About 5% of adults in the U.S. had a serious mental illness in 2010, a slightly higher number compared to 2009 (4.8%). That 18- to 25-year-old age group again had the highest incidence at 7.7%, and those 50 and older had the lowest at 3.2%. Women again outpaced men, 6.5% to 3.4%. Those with a serious mental illness have trouble functioning, which affects their key life activities.

When broken down by racial and ethnic groups, the highest rates of serious mental illness occurred among adults who reported two or more races (9.3%), followed by Native Americans or Alaska natives (8.5%), whites (5.2%), Hispanics (4.6%), blacks (4.4%), Asians (2.6%) and native Hawaiians or other Pacific Islanders (1.6%).

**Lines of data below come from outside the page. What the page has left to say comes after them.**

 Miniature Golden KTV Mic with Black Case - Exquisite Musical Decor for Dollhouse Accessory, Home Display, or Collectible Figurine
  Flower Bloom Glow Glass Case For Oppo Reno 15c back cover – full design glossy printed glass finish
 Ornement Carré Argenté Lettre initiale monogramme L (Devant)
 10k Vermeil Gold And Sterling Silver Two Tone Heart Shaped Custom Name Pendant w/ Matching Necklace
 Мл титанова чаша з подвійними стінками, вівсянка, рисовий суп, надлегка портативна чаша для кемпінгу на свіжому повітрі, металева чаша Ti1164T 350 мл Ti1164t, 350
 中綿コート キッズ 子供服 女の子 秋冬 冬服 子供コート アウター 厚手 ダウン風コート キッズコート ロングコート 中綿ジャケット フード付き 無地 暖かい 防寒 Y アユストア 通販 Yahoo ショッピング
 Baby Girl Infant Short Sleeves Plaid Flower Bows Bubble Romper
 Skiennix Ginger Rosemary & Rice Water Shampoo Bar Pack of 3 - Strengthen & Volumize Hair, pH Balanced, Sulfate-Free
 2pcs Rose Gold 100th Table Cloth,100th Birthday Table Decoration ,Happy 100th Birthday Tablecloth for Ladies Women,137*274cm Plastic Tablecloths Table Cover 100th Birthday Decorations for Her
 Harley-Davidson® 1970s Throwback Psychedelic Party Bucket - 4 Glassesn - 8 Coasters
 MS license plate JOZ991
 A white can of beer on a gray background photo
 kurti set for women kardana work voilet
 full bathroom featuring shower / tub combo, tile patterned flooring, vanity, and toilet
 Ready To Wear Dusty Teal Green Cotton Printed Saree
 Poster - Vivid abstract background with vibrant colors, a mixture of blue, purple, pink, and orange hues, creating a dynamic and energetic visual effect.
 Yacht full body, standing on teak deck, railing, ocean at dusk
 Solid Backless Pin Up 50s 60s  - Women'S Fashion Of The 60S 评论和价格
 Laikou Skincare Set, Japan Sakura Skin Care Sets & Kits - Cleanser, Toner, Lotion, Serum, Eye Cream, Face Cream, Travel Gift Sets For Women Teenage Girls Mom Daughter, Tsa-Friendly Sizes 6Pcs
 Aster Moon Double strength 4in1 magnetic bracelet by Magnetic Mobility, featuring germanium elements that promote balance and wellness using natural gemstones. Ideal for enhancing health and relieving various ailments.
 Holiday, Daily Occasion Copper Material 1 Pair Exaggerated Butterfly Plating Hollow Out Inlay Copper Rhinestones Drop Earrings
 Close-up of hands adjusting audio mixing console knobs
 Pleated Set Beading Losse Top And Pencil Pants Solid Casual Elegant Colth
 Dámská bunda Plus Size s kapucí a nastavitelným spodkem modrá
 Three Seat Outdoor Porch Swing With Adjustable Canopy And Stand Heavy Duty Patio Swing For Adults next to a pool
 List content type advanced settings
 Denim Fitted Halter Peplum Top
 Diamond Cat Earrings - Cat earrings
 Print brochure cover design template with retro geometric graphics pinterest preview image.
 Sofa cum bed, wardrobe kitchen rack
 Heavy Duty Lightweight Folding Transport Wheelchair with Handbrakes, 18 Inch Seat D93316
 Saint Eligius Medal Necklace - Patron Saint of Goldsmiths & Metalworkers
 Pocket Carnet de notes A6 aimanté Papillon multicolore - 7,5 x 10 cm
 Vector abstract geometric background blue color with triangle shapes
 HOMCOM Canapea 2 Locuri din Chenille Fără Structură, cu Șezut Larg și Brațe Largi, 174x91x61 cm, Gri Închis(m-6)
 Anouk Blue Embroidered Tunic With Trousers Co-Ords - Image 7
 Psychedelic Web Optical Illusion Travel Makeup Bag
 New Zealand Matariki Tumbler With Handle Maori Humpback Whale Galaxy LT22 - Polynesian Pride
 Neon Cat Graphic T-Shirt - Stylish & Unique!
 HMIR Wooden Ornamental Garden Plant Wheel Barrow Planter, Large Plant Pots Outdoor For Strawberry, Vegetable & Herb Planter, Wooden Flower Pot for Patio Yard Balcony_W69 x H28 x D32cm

"Mental illness is not an isolated public health problem," Substance Abuse and Mental Health Services administrator Pamela Hyde said in a news release. "Cardiovascular disease, diabetes, and obesity often co-exist with mental illness and treatment of the mental illness can reduce the effects of these disorders."

The report also found that 39% of people who had any mental illness obtained mental health services, and among those with a serious mental illness, 60.8% received help.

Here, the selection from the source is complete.